Panellists in yesterday’s International Information Sharing: Treaties, TIEAs, and Joint Audits session at the Tax Executives Institute’s annual conference in San Franciscoexplained that joint efforts to enhance sharing of tax information should not be seen as a negative for taxpayers.
“There is going to be an increase in compliance as authorities get used to swapping information but once this becomes the norm, then it will generate a great deal of benefits over time for companies and tax authorities,” said Terrance McAuley, assistant commissioner, compliance programs, Canada Revenue Agency.
The panel concluded that the main benefit would be the removal of unnecessary tax investigations.

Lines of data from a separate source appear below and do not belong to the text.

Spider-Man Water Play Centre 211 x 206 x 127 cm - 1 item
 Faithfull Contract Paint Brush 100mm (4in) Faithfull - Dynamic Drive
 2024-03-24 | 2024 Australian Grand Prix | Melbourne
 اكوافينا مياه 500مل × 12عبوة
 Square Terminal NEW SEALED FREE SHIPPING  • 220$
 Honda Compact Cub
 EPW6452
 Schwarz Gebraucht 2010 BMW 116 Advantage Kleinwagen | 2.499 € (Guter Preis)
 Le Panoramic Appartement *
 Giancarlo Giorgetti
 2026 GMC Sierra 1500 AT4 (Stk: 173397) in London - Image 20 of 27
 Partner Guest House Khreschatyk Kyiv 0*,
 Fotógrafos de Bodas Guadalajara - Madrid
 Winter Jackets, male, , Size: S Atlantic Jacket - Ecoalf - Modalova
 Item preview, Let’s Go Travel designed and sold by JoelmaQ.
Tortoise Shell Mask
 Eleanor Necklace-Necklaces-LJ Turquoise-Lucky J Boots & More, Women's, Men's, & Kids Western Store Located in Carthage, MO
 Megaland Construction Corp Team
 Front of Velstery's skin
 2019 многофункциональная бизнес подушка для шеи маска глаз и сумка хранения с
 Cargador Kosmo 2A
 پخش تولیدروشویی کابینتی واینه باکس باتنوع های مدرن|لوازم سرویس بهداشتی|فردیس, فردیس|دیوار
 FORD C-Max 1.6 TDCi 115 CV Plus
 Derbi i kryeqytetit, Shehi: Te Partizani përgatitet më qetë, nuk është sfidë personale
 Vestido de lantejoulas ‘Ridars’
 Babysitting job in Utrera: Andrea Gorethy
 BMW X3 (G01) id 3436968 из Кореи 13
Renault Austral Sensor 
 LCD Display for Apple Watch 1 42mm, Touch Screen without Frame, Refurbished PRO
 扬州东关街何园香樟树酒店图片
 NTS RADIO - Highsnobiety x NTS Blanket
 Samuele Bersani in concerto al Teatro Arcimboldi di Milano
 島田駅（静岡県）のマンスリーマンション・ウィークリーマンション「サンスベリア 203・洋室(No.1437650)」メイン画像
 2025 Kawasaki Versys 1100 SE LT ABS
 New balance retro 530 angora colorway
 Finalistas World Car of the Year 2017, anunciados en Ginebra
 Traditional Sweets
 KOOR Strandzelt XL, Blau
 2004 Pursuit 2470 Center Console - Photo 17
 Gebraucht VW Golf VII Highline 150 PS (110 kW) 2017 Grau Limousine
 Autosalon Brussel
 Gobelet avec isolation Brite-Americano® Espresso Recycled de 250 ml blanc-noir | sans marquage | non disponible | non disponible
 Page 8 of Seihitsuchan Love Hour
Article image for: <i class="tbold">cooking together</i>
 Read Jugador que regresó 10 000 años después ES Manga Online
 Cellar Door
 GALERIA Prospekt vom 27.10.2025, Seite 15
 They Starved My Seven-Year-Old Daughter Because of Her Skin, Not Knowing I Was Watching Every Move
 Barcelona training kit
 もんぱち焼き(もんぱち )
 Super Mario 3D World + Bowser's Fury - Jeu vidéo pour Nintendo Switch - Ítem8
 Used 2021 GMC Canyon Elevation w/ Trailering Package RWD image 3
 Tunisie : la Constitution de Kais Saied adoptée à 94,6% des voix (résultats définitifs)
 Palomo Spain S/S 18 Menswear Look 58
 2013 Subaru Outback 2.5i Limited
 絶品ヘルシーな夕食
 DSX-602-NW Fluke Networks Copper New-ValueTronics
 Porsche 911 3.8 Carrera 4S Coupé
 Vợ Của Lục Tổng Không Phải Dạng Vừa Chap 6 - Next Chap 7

And with organisations such as the OECD, European Commission, the countries of the Joint International Tax Shelter Information Centre and national tax administrations all working together, the panel explained that with increased information exchange, officials would be able to use their time better and only target companies that are violating tax laws.
“There is a suspicion among revenue departments that every business move is done for tax purposes,” said Mary Bennett, Baker & McKenzie, Washington, DC, who has just stepped down as head of the OECD’s tax treaties and transfer pricing unit. “But if tax authorities share more information then they will soon realise that all is above board and so there is no need to bother taxpayers.”
Judith Knott, director of business taxes at HM Revenue and Customs in the UK, said the amount of commitment shown by governments and tax authorities is something to be proud of.
“With information exchange being high on the agenda of tax authorities around the world, this is forcing interested parties to come up with innovative ways to improve information exchange,” said Knott.
However, Knott did warn that it might be a little while before the benefits to taxpayers become obvious.
“Tax authorities are under pressure to do more with fewer resources so we find it hard to dedicate time and effort into this but it is definitely something we will soon be dedicating more resources too,” said Knott.
The panel raised the issue of confidentiality of exchanging tax information.
“The key thing for any tax department is maintaining confidentiality,” said McAuley. “We focus on the destination of the tax information, this is a big thing for us. Taxpayers should be secure in knowing that privacy is key when swapping information.”
This news comes as the OECD confirmed last week that international efforts to clamp down on tax evasion have drawn in €14 billion ($19 billion) from would-be tax evaders.